Python crawler introduction combat

1. Introduction

First to introduce myself. I am a Java developer, since the second half of this year, has been the major technology blog published some of their articles, almost a few months, before in cnblog blog website statistics code, see traffic increasingly up every day, National Day just few things, Just think about writing a crawler and see how much reading increases, which is where this article comes from.

2. Technology selection

Crawler this function, what is my personal understanding written language can, as long as can normal to send the HTTP request, the response is back on the static page template HTML are extracted from the data we need, principle is very simple, this thing can manually to statistics collection, of course, but the network platform, after all, still a lot of time or picture, Write a crawler to crawl down the data, save to the database, and then write a statistical report OF SQL statement is more convenient, if there is time, I will write a simple before and after the separation of the report sample to share out.

Python crawler courses are very popular on the Internet now. In fact, I am a little anxious to play with the operation, rather than using the old business to write this crawler, of course, it turns out that writing a crawler in Python is much easier than writing a crawler in Java.

3. Environment preparation

First of all, the author’s computer is Win10, Python selection is 3.7.4, it seems that now Python3 online crawler tutorial is not much, which is still encountered a lot of problems, the following will also share to you.

The author chose VSCode as the development tool, here I recommend Microsoft this open source product, very lightweight, you need to install any plug-ins, do not use plug-ins, very independent, if you feel unable to handle the friends can choose JetBrains Pycharm. There’s a community version and a paid version, and in general, we’re fine with the community version.

Here I directly create a new folder, created a file named spiderdemo. py, this is we will write the crawler file, can give you a look at the author’s development environment, as follows:

This is actually a screenshot of successful debugging.
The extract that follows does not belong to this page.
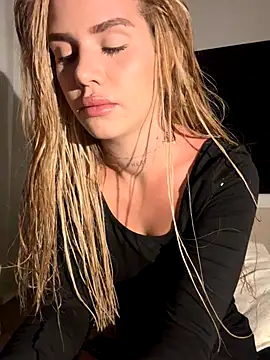 Snapshot of EmiliaCatalina chatting on 09-13-25, 01:27 EmiliaCatalina online show from 09-13-25, 01:27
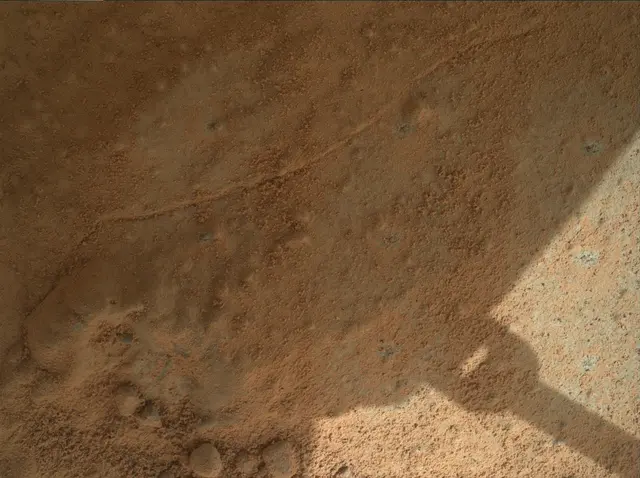 Sol 161: Mars Hand Lens Imager (MAHLI)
As can be seen from the log printed below, the author captured the data of three platforms here.

4. The database

Mysql 5.7.19, utF8MB4, utF8MB4, utF8MB4 Mysql utf8 = utf8; Mysql utf8 = utf8mb4; Mysql utf8 = utf8mb4;

You need a driver to connect to the Mysql database in Python. You need a driver to connect to the Mysql database in Java.

pip install pymysql
Copy the code

PIP is a package management tool for Python. My personal understanding is that it is similar to Maven, and all the third-party packages we need can be downloaded from it.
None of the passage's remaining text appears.